There are currently 69,000 diagnosed cases of hepatitis C virus in the UK, and it is estimated that over 450,000 people, just under 1% of the UK population are infected with the virus.

However, the report highlights that “there is a low awareness of hepatitis C, not only amongst the general public, but also among the medical profession”.

Glossary

pegylated interferon

Pegylated interferon, also known as peginterferon, is a chemically modified form of the standard interferon, sometimes used to treat hepatitis B and C. The difference between interferon and peginterferon is the PEG, which stands for a molecule called polyethylene glycol. The PEG does nothing to fight the virus. But by attaching it to the interferon (which does fight the virus), the interferon will stay in the blood much longer. 

Although a national hepatitis C awareness campaign was promised in 2004, the report highlights that it will only receive £2.5 million of funding over two years and suggests that the Department of Health is reluctant to provide further funding through fear “of over-taxing existing services.”

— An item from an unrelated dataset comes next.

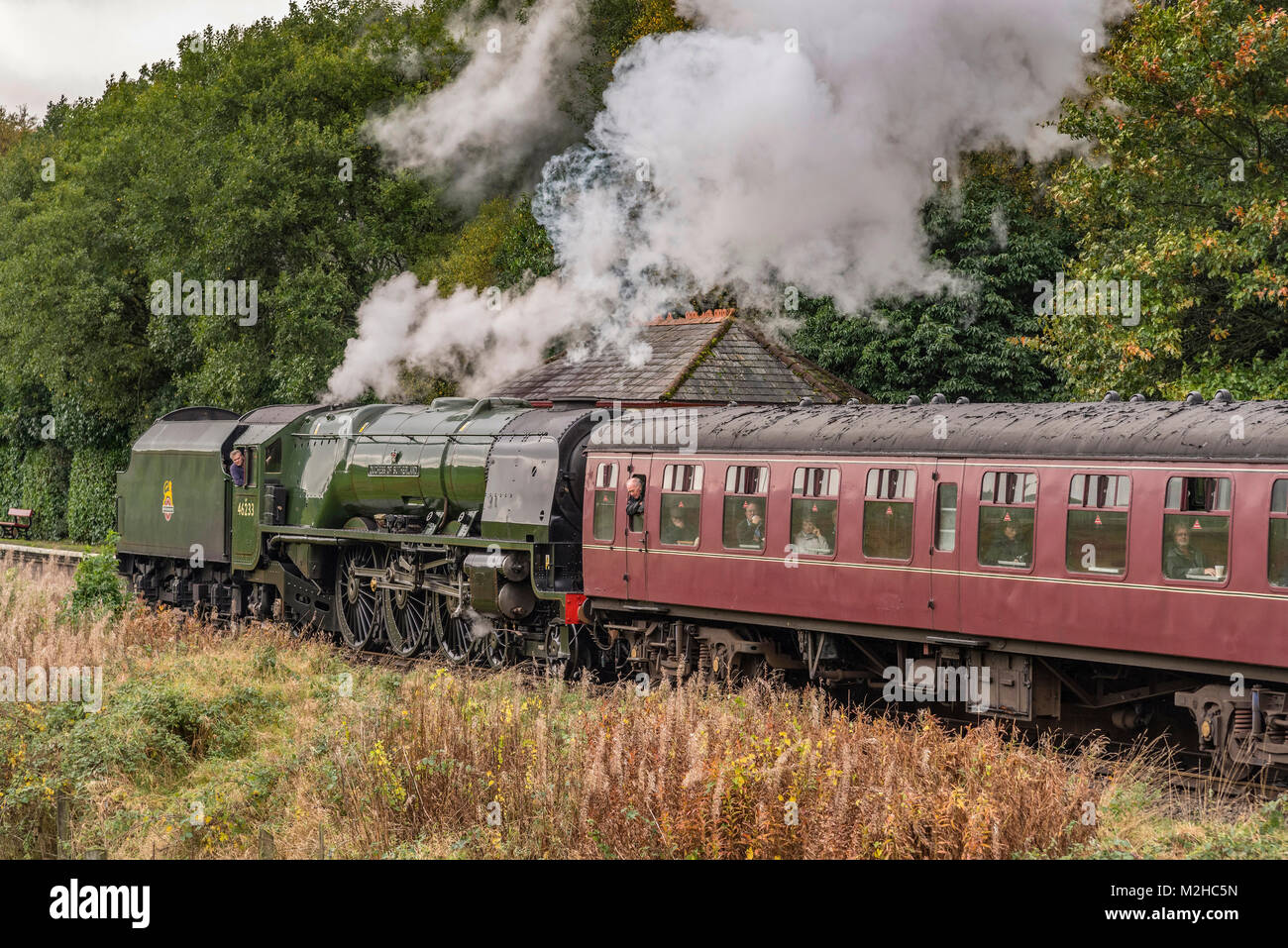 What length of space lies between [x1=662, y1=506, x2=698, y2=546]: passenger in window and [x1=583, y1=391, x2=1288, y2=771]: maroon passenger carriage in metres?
0.02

Other faults in the UK’s response to hepatitis C virus are also highlighted in the report. In any year, only 5% of patients with diagnosed hepatitis C virus are receiving treatment approved by the National Institute of Clinical Excellence. This consists of pegylated interferon with ribavirin, and although it has unpleasant side-effects, it can clear infection in up to 60% of patients with easier to treat hepatitis C genotypes who are not coinfected with HIV.

Only one in seven people with hepatitis C virus have had their infection diagnosed, the report suggests, and the UK is criticised for having no proper system of hepatitis C surveillance.

The overall lack of action could mean that the UK faces a “time bomb” which will have substantial human and financial costs. The report authors contrast the UK’s response to hepatitis C to that of France, which is thought to have a similar percentage of the population infected with hepatitis C. In France a government-backed campaign is credited with doubling detection rates, increasing patient awareness, and reducing liver-related deaths.

Testing for hepatitis C virus is recommended for all HIV-positive individuals in the UK at the time of their HIV diagnosis and at regular intervals thereafter for patients with risk factors for hepatitis C virus infection.